Lloyd Blankfein
π€ SpeakerAppearances Over Time
Podcast Appearances
Sure.
You know, it's easy.
Look, anything that's resolved, nobody ever remembers not knowing it.
So everybody knows that the mortgage, you know, that mortgages were, you know, junk securities were bad.
And, you know, a lot of them never, you know, turned out to be worth zero at the time.
Some people thought it and other people thought the opposite, but nobody, nobody really knew.
It's only in hindsight that people knew.
By the way, every time somebody tells me they know something, I ask them about something that's current.
As you say, it's current.
And so in that particular thing, you know, at those times we had somebody who wanted to go short the mortgage market and we had plenty of people who wanted to go because at that point they were very high yielding securities.

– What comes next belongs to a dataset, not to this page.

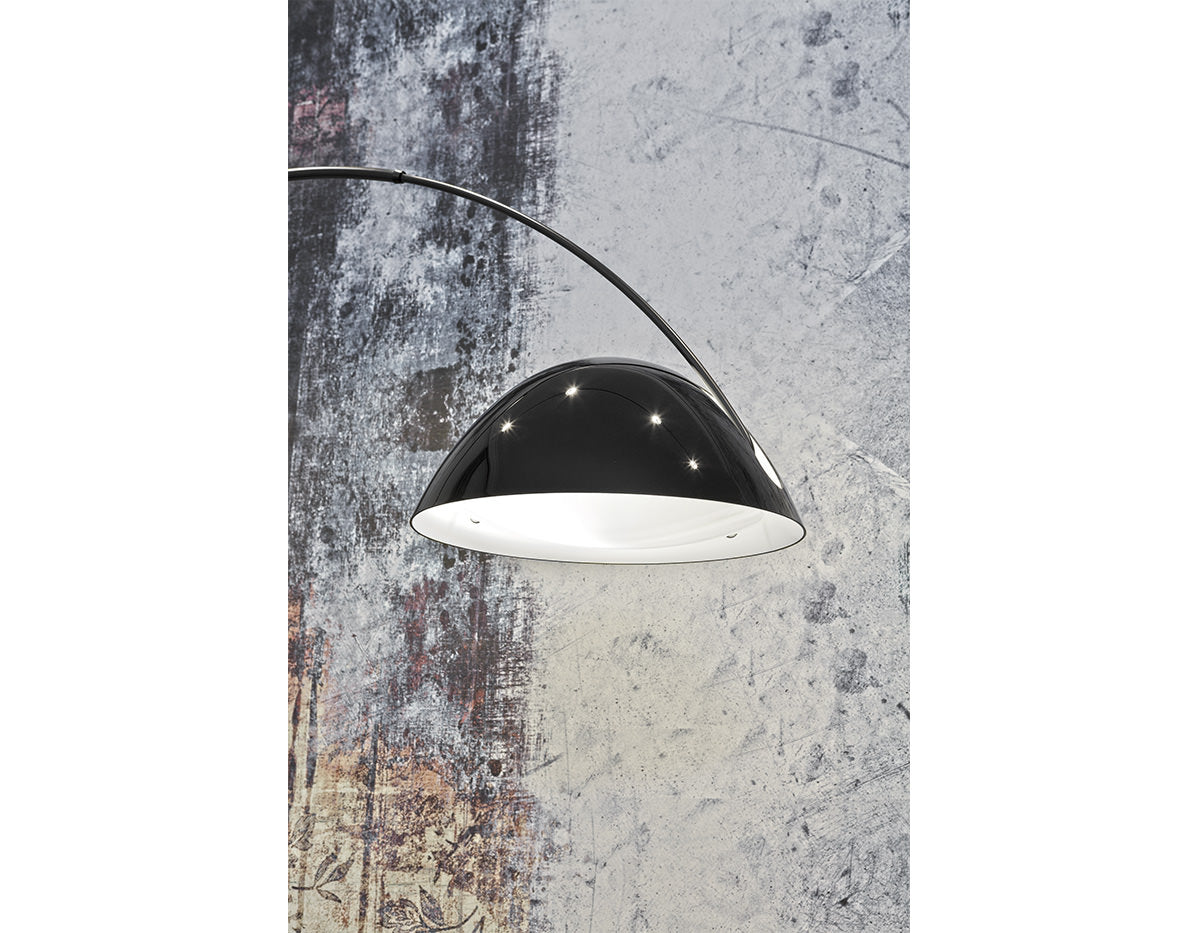 Estiluz Pluma floor light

And by the way, there was not widows and orphans on either side of the transactions.
It was
a big institution on the other side of it.
And it was plucked up as an example of some of the things that we did.
So there was a very well-informed institution that was dedicated to holding mortgage obligations.
By the way, mortgages are securities.
It's like a security that's a version of a bank holding a mortgage.
So it's just owning people's homes.
And if people are going to default on paying off their home mortgage, those securities could become worthless.
So people were betting that those securities would go back up in value and other people were betting that they would go down in value.